# Information provided
********

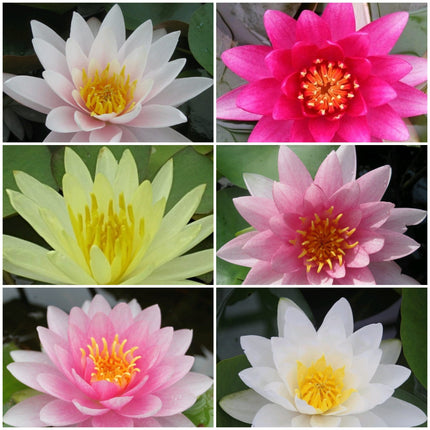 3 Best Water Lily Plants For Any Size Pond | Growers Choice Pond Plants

********

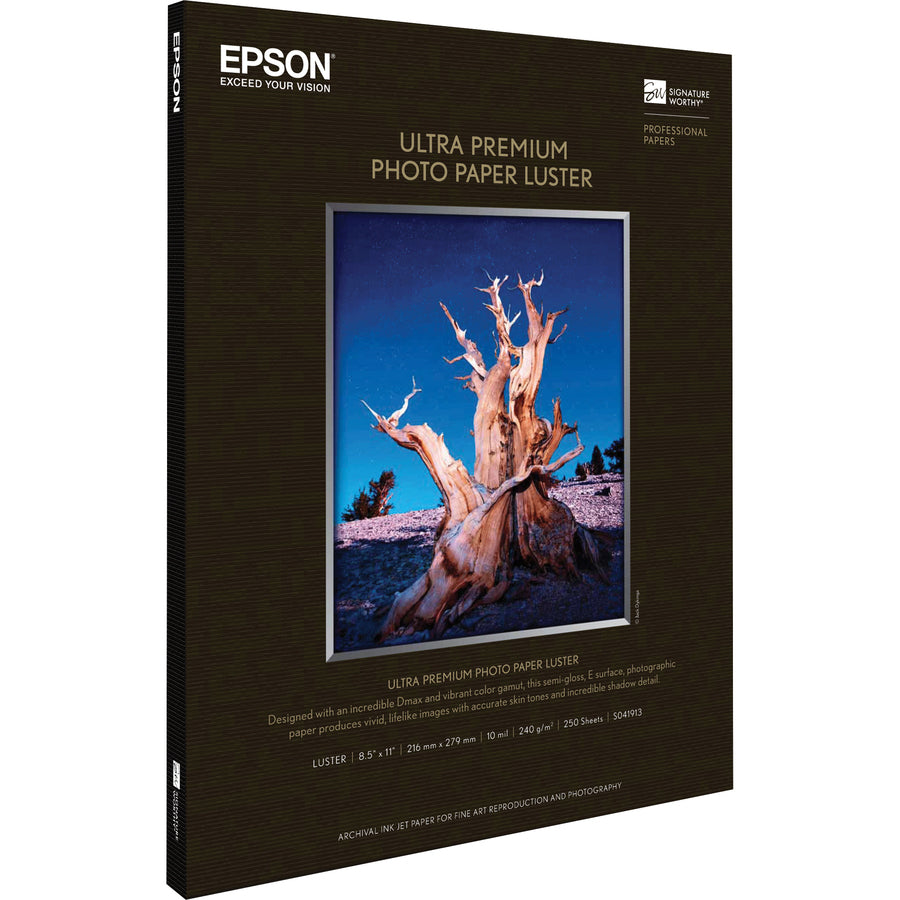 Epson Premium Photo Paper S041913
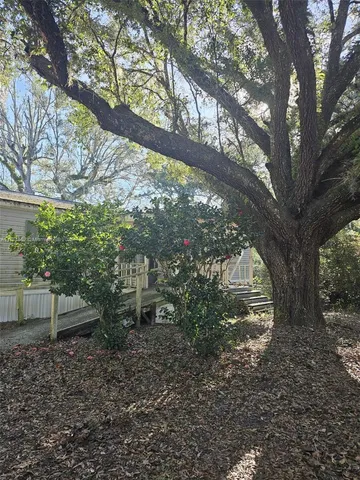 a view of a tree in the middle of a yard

********

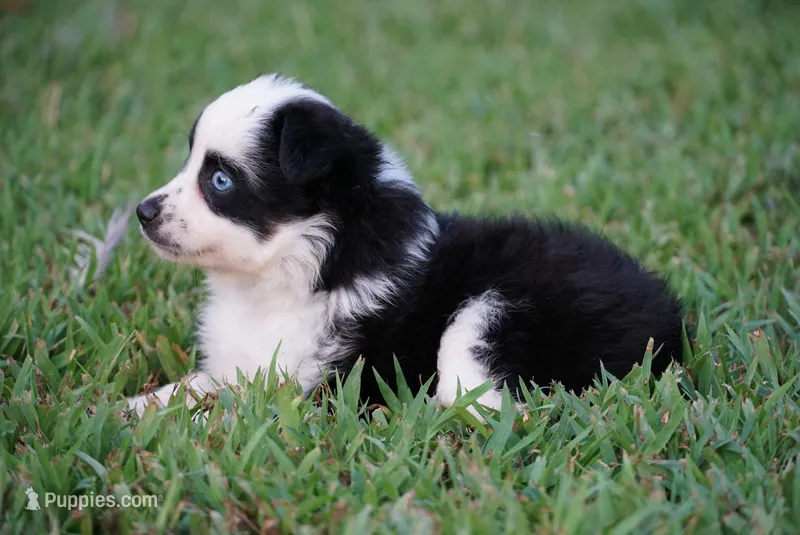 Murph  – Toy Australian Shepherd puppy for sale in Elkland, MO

********

# The task
Make an exact copy of the lines above, beginning with the line with "Epson Premium Photo Paper S041913" and ending with the line with "a view of a tree in the middle of a yard", and keep the pictures out of it.

# Solution to this problem
 Epson Premium Photo Paper S041913
 a view of a tree in the middle of a yard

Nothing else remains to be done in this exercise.